Remembering 9/11 and Keeping Our Sports World in Perspective

Jonny SAnalyst IFebruary 16, 2017

September 11, 2001 is not just a day to remember where you were and what you were doing, but it is a day for all of us to express our gratefulness as a nation. It is also a day for us to remember those who lost their lives and to support those who have to deal with their loss every minute of every day for the rest of their lives.

Love him or hate him, President Bush's first pitch at the 2001 World Series was one of the most powerful moments in the history of sports. At that moment in time our country was never as devastated and scared, but along with those fears, our country was never so united.

Sports fanatics and fans still had their favorite teams and players, but nobody hated anyone. A Miami Dolphins fan was clapping as a NY Jets player ran across the field, proudly carrying the American flag. Red Sox fans were standing and clapping at the very same time as Yankee fans. It was a short time in our lives where everyone was on the same page, everyone helped one another, and everyone knew how rich in spirit our country really was.

Thousands upon thousands donated money, prayed for those in need, and dedicated their lives to making a difference. 

Our blue skies never looked so pure, our rain drops never felt so refreshing, our grass never looked so healthy, and our hearts never felt so warm. People looked all around their own lives and realized what a great life they had. Freedom was appreciated, tears were passionate and not stereotypically cowardly, and nobody cared anymore that their team missed the playoffs. 

It is a rather simple fact of life that people get worked up over the little things in life. How can we not though, our days are extremely fast-paced and lubricated with people around us who want to get through the day even faster than you.

Why though? Why are we so excited for tomorrow when so much can happen today?!

It is easy for people to comment on other writers' pages or articles and not care what one says. Why would you? You don't know them, and will probably never meet them, so who cares?

People who "hate" other schools only do it because they are jealous or don't know enough about them other than rumors that spread. It is the very same reason that people hate teams, coaches, and players whom they have never met and know virtually nothing about.

It is these ridiculous assumptions that cause problems in the world and cause so much hate and spite amongst our global society. 

I am not suggesting that rooting against or disliking opposing teams is wrong because it isn't, but overreacting and acting as if your world has caved in from every direction when your team loses is a pathetic way of you not accepting the reality of life.

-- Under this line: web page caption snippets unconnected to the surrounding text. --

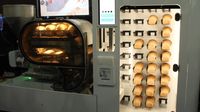 Canggih! Vending Machine Ini Buat Roti Otomatis Dalam Hitungan Menit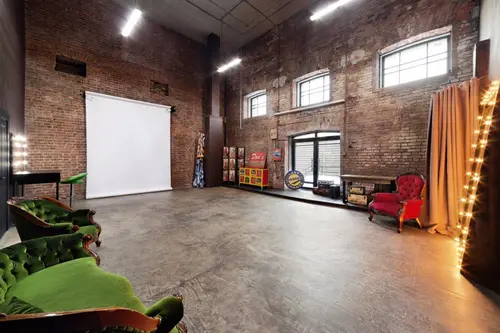 Студия в индустриальном стиле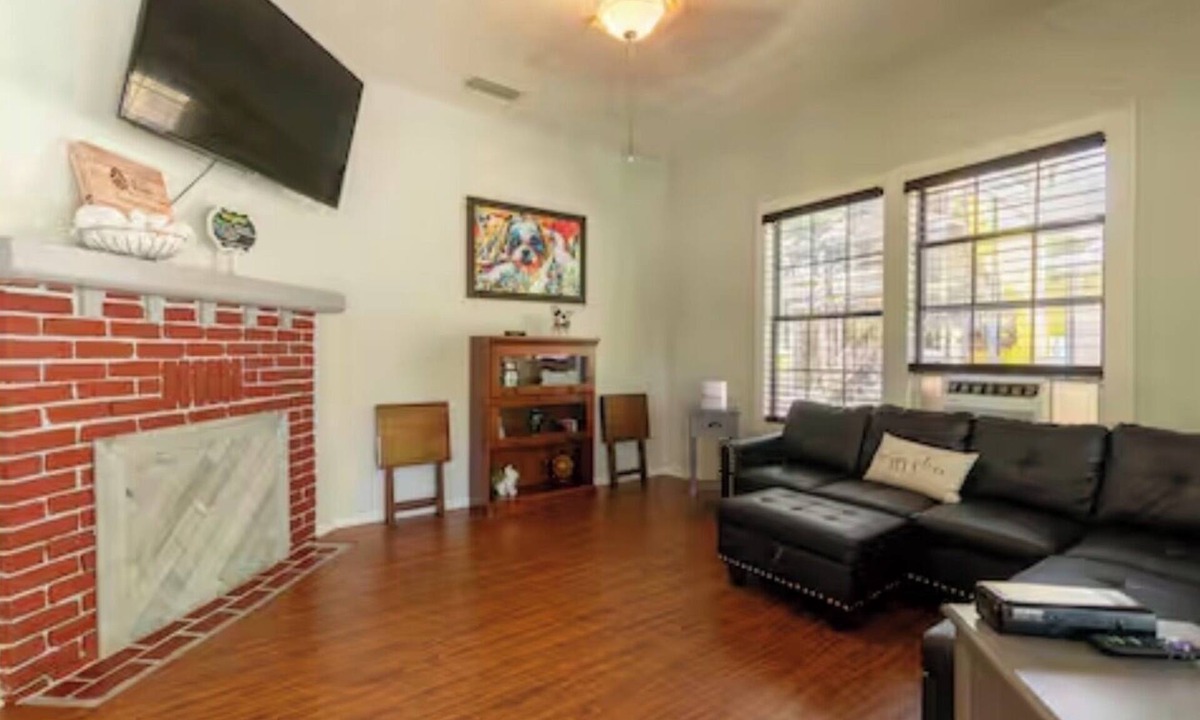 Gainesville House | Pet friendly 1bd/1b unit with living space and full kitchen
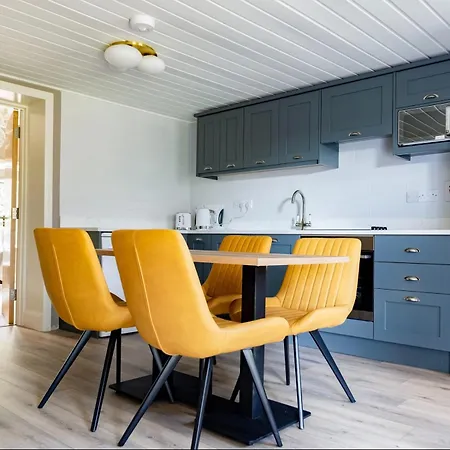 Self Catering - The Garden House *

Sports are fun, sports are exciting, sports cause happiness and sadness, most importantly, though, sports unite people from every background, religion, and class. Even if it is only for a mere three hours per week, it matters...sports are a weekly tradition that we can use, just as President Bush did, to unite.

It is really easy to be ignorant and selfish, but it is even easier to reach out your hand and give support to someone who needs it.

So when you are watching your favorite teams this weekend as I will also be doing, think twice about using hateful words. Look around you, look at everything you have. When you high-five a neighbor or friend, be grateful of the love that circles around you.

If your team loses a heart-wrenching game, keep your head up and heart open. While you may feel embarrassed or upset that your team lost, think about those on 9/11 who lost much more than a game. 

I am so very thankful that we have sports to sweep us away into another world that helps us escape from a sometimes hectic life, but I am even more grateful for living in a nation where I can so freely express my opinion or write an article just like this one.

Stay passionate, cheer for your team with everything you have, and it together. Remember that a game is just a game and if your team's loss is the worst event of your day, I'd say you have quite a bit to feel thankful for.

September 11, 2001 is not just a day to put your flag out on the porch or listen to patriotic tunes, it is a day in our past that we can learn from to better our future. It is a day to acknowledge and give love to all those who lost and all of those who sacrifice so that you and I can rest easy on our couch enjoying what we do, sports.

Never forget 9/11... never forget the price many have paid for our freedom... and never forget that in the end, we are all on the same team.